PAULO NOGUEIRA BATISTA JR.

Economistas e outros especialistas estão quase sempre submetidos à pressão das "verdades" e "teorias" consagradas pelos interesses e preconceitos dominantes.
O leitor talvez não imagine como é forte essa pressão e como ela deforma o debate público. Cargos, financiamentos, acesso à mídia, respeitabilidade, tudo isso está, em grande medida, condicionado à disposição de rezar pela cartilha. Às vezes, a pressão conduz a resultados grotescos.

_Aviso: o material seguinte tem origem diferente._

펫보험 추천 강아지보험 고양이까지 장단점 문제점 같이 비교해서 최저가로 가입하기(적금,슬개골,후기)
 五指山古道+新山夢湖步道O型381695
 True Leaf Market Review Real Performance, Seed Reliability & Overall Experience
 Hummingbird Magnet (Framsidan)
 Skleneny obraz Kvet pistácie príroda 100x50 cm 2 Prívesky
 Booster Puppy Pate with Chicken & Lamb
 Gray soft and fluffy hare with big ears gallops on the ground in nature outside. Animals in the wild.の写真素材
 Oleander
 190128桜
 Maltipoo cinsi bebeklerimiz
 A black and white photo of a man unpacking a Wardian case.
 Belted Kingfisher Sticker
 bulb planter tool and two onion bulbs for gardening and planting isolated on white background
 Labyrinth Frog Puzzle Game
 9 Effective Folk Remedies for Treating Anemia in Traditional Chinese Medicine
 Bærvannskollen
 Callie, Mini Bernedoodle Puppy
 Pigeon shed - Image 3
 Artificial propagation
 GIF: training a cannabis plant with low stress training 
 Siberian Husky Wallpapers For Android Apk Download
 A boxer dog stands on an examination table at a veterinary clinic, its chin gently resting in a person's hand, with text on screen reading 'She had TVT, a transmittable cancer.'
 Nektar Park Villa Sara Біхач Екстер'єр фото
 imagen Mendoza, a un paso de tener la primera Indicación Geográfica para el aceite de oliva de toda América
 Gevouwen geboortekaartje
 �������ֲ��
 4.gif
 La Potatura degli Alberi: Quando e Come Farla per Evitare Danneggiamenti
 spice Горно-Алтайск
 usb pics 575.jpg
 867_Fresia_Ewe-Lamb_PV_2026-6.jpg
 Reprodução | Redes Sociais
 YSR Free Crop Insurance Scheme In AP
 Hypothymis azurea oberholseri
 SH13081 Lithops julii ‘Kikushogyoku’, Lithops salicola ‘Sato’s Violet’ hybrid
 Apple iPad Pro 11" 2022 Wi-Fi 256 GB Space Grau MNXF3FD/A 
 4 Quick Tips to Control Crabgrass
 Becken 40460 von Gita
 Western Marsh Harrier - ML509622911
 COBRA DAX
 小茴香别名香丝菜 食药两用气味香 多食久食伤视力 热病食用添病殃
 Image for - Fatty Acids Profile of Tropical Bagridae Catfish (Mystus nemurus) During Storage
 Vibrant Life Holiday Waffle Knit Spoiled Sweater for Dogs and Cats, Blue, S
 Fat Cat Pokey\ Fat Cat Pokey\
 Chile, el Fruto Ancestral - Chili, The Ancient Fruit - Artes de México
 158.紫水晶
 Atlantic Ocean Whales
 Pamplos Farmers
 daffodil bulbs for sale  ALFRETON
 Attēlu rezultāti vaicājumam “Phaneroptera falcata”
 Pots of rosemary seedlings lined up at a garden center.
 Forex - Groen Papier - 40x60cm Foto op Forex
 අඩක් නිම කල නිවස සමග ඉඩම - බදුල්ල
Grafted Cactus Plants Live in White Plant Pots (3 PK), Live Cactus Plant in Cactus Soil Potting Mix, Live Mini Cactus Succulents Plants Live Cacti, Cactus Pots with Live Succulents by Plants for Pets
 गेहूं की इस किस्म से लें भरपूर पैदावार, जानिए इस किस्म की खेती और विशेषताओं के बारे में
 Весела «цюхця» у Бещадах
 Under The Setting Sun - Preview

Considerem, por exemplo, a questão da presença do Estado na economia. É um dos temas mais controvertidos da história do pensamento econômico.
Nos últimos tempos, entretanto, predomina amplamente a confiança no mercado e na superior eficácia da iniciativa privada. A maioria dos brasileiros está piamente convencida de que o Estado entrou em fase de declínio irremediável nessa nossa época de "neoliberalismo" e "globalização".
Talvez isso seja verdade em certas regiões do mundo, como grande parte da África e da América Latina. Mas, de modo geral, não é o que está acontecendo nos países centrais e nos países em desenvolvimento mais bem-sucedidos.
É realmente impressionante o tamanho da distância que separa a realidade econômica da sua representação ideológica ou doutrinária.
Raramente os economistas se dignam a nos revelar a seguinte e constrangedora verdade: apesar do suposto triunfo do pensamento "neoliberal" e dos programas de privatização, o Primeiro Mundo é um parque de dinossauros, onde a participação do Estado tem aumentado na maioria dos países.
Nos últimos 20 anos, a tendência dominante nesses países foi de aumento do gasto público, da carga tributária global, dos déficits fiscais e do endividamento governamental. Não apenas em termos absolutos, mas como proporção do PIB. Na maioria dos países, aumentou até mesmo a participação do emprego público no emprego total.
Já apresentei esses dados em artigos anteriores nessa coluna, mas (como seria de se esperar) poucos se interessam em considerá-los.
Não é que sejam de difícil acesso. Ao contrário, as estatísticas em questão podem ser encontradas em fontes ultraconhecidas e de grande prestígio internacional, como a Organização para a Cooperação e o Desenvolvimento Econômico -a OCDE- e o Fundo Monetário Internacional -FMI.
A maior parte das publicações dessas entidades está disponível, ainda que com algum atraso, em várias de nossas bibliotecas e centros de documentação.
Mas a verdade é que estatísticas nunca são páreo para preconceitos bem sedimentados e alimentados por interesses poderosos. E a nossa época, particularmente nos países periféricos, é de um preconceito feroz e implacável contra o Estado.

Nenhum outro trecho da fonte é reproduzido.